GNOME Bugzilla – Bug 594872
Support storing assertion messages into core dump
Last modified: 2010-01-26 13:31:52 UTC
Created attachment 142973 [details] [review] store assert message into glibc Hello! In the current Ubuntu release we extended the Apport crash processing system to also catch assertion messages (which result in SIGABRT). Those are only really useful if you can get the actual message into the bug reports, which is usually just printed to stderr. For that we got a patch into glibc (http://sourceware.org/git/?p=glibc.git;a=commitdiff;h=48dcd0ba) which stores the message of assert() into glibc's __abort_msg global variable (a char*). This works fine for programs which actually use assert(), like pulseaudio or gnome-do (like bug https://launchpad.net/bugs/421696), but not yet for GNOMEish programs. I created a patch for glib's assertion functions to do the same now. With this, the assertion message is kept and can be retrieved from the core dump easily: $ cat test.c #include <glib.h> int main() { g_assert(1 < 0); return 0; } $ ./test **ERROR:test.c:5:main: assertion failed: (1 < 0) Aborted (Core dumped) $ gdb --batch --ex 'print (char*) __abort_msg' ./test core [...] $1 = 0x93bf028 "ERROR:test.c:5:main: assertion failed: (1 < 0)" Since the glibc patch isn't in a released glibc version yet, I added a configure switch --enable-assert-messages, since otherwise glib will fail to build (due to the unresolved symbol on linking).

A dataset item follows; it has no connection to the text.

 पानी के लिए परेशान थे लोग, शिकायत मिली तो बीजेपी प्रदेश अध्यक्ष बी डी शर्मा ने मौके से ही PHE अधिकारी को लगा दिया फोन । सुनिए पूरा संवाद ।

Review of attachment 142973 [details] [review]: Hi Martin. Thanks for the patch. I can't imagine that there will be too much difficulty getting this (or something like it) included. I've made my comments below. These are just my opinions -- Matthias gets final say. :) ::: glib2.0-2.21.6.orig/configure.in @@ +228,3 @@ [don't use ELF visibility attributes])],, [enable_visibility=yes]) +AC_ARG_ENABLE(assert-messages, i'd personally prefer a feature test for the existence of the feature in glibc and unconditional enabling if available. this may be as simple as a glibc version check if you know for sure that all versions after a certain point have the feature. ::: glib2.0-2.21.6.orig/glib/gtestutils.c @@ +43,3 @@ +#ifdef USE_ABORT_MSG +extern char *__abort_msg; is this supported usage? would it maybe be better just to have our own variable for this purpose? then we could have the feature even if glibc doesn't. @@ +1306,3 @@ + if (__abort_msg) + /* free the old one */ + g_free (__abort_msg); under what circumstances might __abort_msg already be non-NULL? and in that case (since this is a libc variable), are you sure that whoever assigned to it before got their memory from g_malloc() and not the system malloc? i guess the only case to see this be non-NULL is if we are catching SIGABRT... @@ +1314,1 @@ g_free (s); it actually seems slightly silly that we ever free this in the first place... i appreciate that your patch tries not to change anything in the #ifndef case, though :)
Hi Martin. Any updates?
(In reply to comment #1) > i'd personally prefer a feature test for the existence of the feature in glibc > and unconditional enabling if available. Agreed, I'll change the patch accordingly. > this may be as simple as a glibc version check if you know for sure that all versions after a certain point have the feature. 2.11 has it, but it's still relatively new. I think directly testing for its presence is better. > ::: glib2.0-2.21.6.orig/glib/gtestutils.c > @@ +43,3 @@ > > +#ifdef USE_ABORT_MSG > +extern char *__abort_msg; > > is this supported usage? would it maybe be better just to have our own > variable for this purpose? Well, it is not "supported" in the sense of being a public API, it's just a debugging helper. Of course glib could define its own __glib_assert_msg, but then you'd have to try all possible variables when you examine a crash. From a developer's perspective it would be easier if there is just one variable to look at. > then we could have the feature even if glibc doesn't. We could define/use __glib_assert_msg _only_ if glibc doesn't? > > @@ +1306,3 @@ > + if (__abort_msg) > + /* free the old one */ > + g_free (__abort_msg); > > under what circumstances might __abort_msg already be non-NULL? If we caught a previously thrown SIGABRT, right. > and in that > case (since this is a libc variable), are you sure that whoever assigned to it > before got their memory from g_malloc() and not the system malloc? Ah, good catch. Will change to free(). > @@ +1314,1 @@ > g_free (s); > > it actually seems slightly silly that we ever free this in the first place... If the program really terminates on SIGABRT, it doesn't matter of course. It would be a memory leak in the corner case that a program throws and intercepts thousands of SIGABRT. Thanks for the review, will work on an updated patch now.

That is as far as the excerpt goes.